Dataset content: Begin

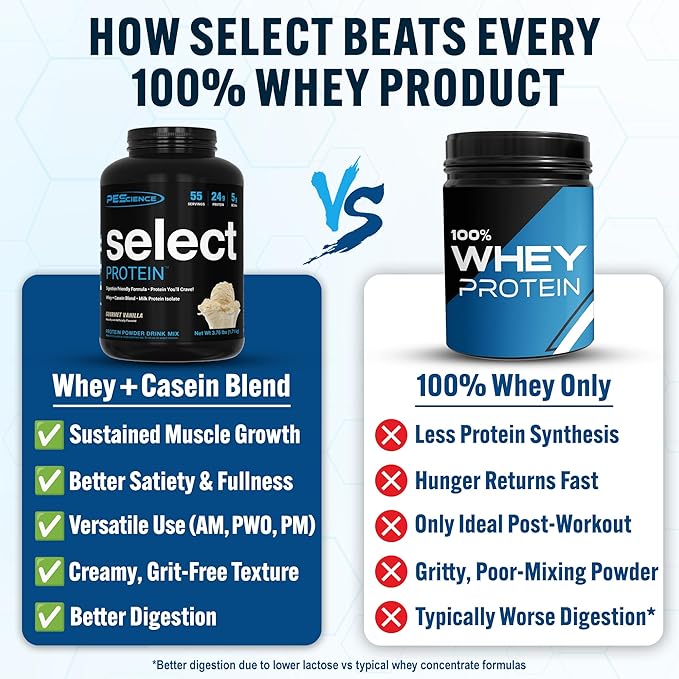 PEScience Select Protein Powder, Whey and Casein Blend, Clean Protein Powder for Women and Men, Low Calorie, Low Carb, Keto Friendly, Gluten Free - Gourmet Vanilla - 55 Servings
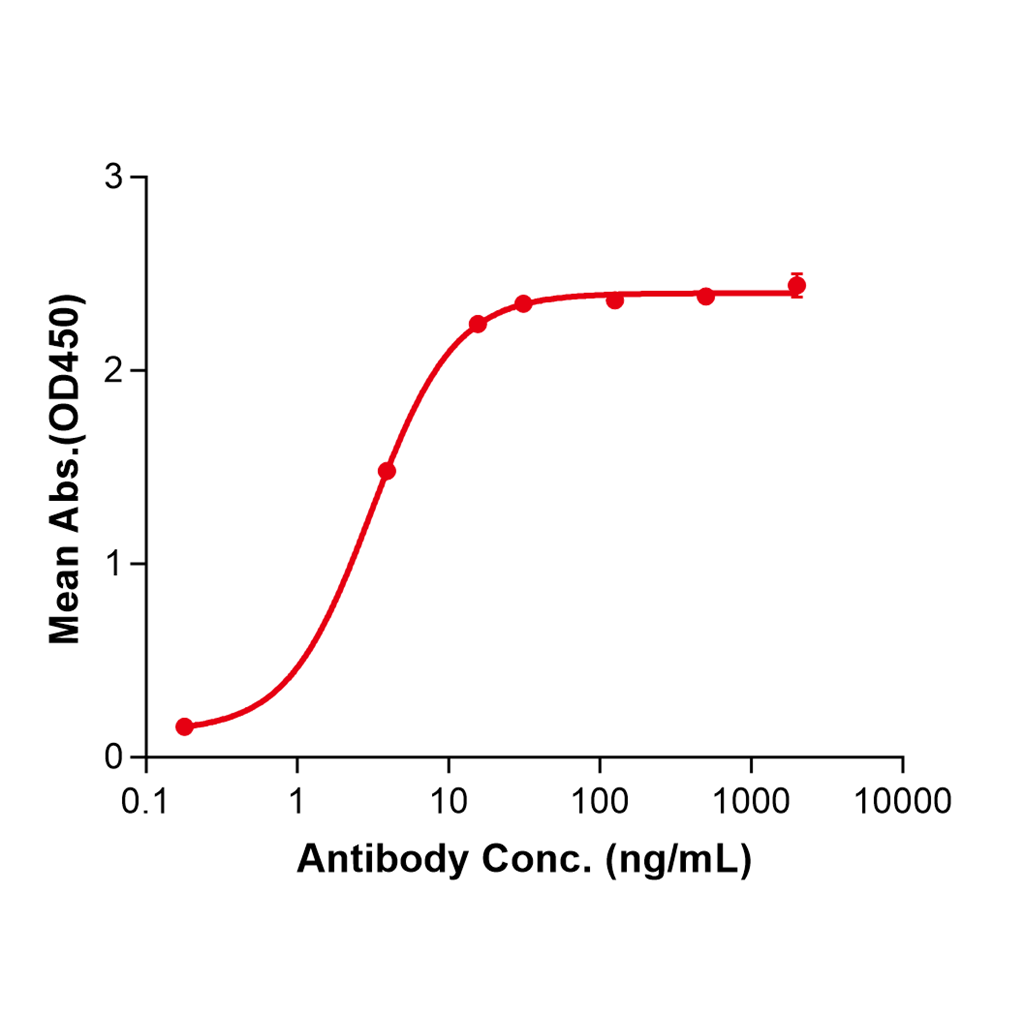 (Lupartumab)Biosimilar Reference Antibody-GS40412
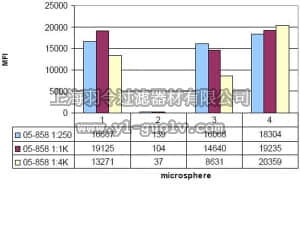 merck millipore,默克密理博,04-858,Anti-Histone H4 Antibody, pan, rabbit monoclonal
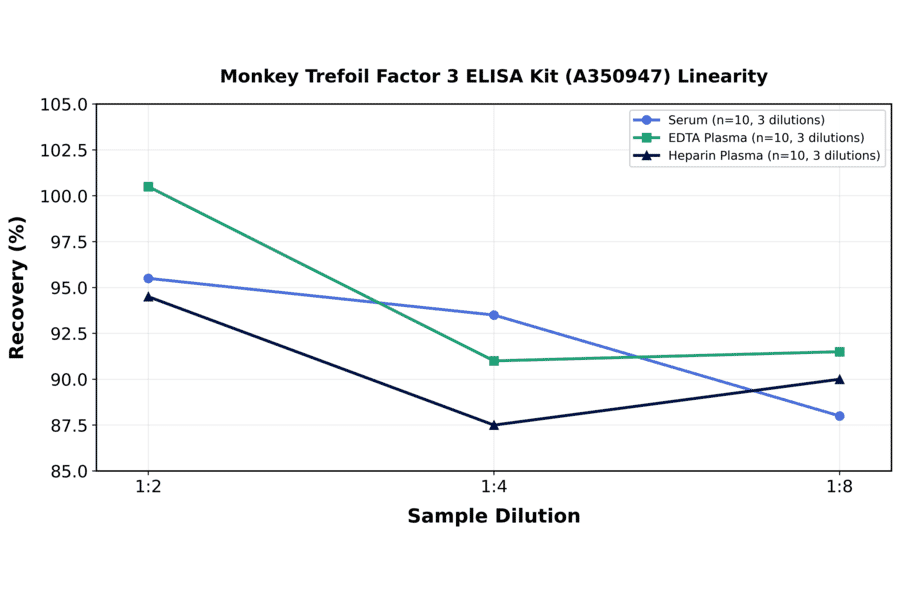 Linearity - Monkey Trefoil Factor 3 ELISA Kit (A350947) - Antibodies.com
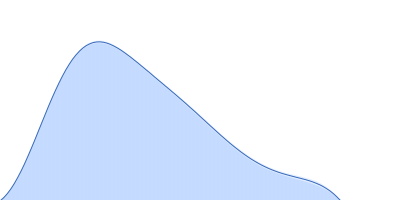 Apolipoprotein E4 (1-191) Suramin pair distance distribution function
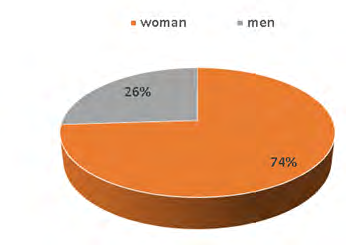 Figure 4: ** Patients of the Lanco hospital benzodiazepines users from October from December 2019-2020-2021 according to sex.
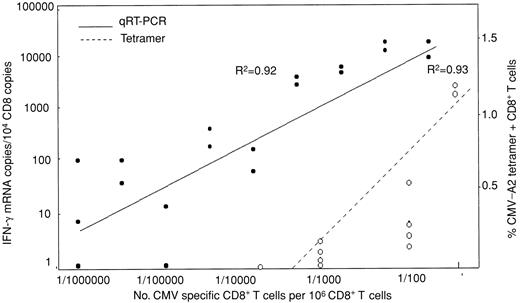 Figure 2. CD8+ T cells (106) were stimulated with pp65 CMV peptide-pulsed T2 cells for 3 hours and then diluted logwise into unstimulated, autologous CD8+ T cells. The number of CMV-specific CD8+ T cells in the starting material determined by tetramer assay was used to calibrate CMV-specific CD8+ T cells in each dilution and correlate this with the number of IFN-γ mRNA copies such that the lowest concentration contained one CMV-positive CD8+ T cell/106 nonstimulated CD8+ T cells. RNA was then extracted for qRT-PCR. The lower limit of detection by the tetramer and PCR assay was 1/10 000 and 1/100 000 CMV-specific CD8+ T cells, respectively.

Dataset content: End

Print exactly the lines from the first line of the records above through the line containing "Figure 4: **", leaving out the pictures.

> Exercise solution
 PEScience Select Protein Powder, Whey and Casein Blend, Clean Protein Powder for Women and Men, Low Calorie, Low Carb, Keto Friendly, Gluten Free - Gourmet Vanilla - 55 Servings
 (Lupartumab)Biosimilar Reference Antibody-GS40412
 merck millipore,默克密理博,04-858,Anti-Histone H4 Antibody, pan, rabbit monoclonal
 Linearity - Monkey Trefoil Factor 3 ELISA Kit (A350947) - Antibodies.com
 Apolipoprotein E4 (1-191) Suramin pair distance distribution function
 Figure 4: ** Patients of the Lanco hospital benzodiazepines users from October from December 2019-2020-2021 according to sex.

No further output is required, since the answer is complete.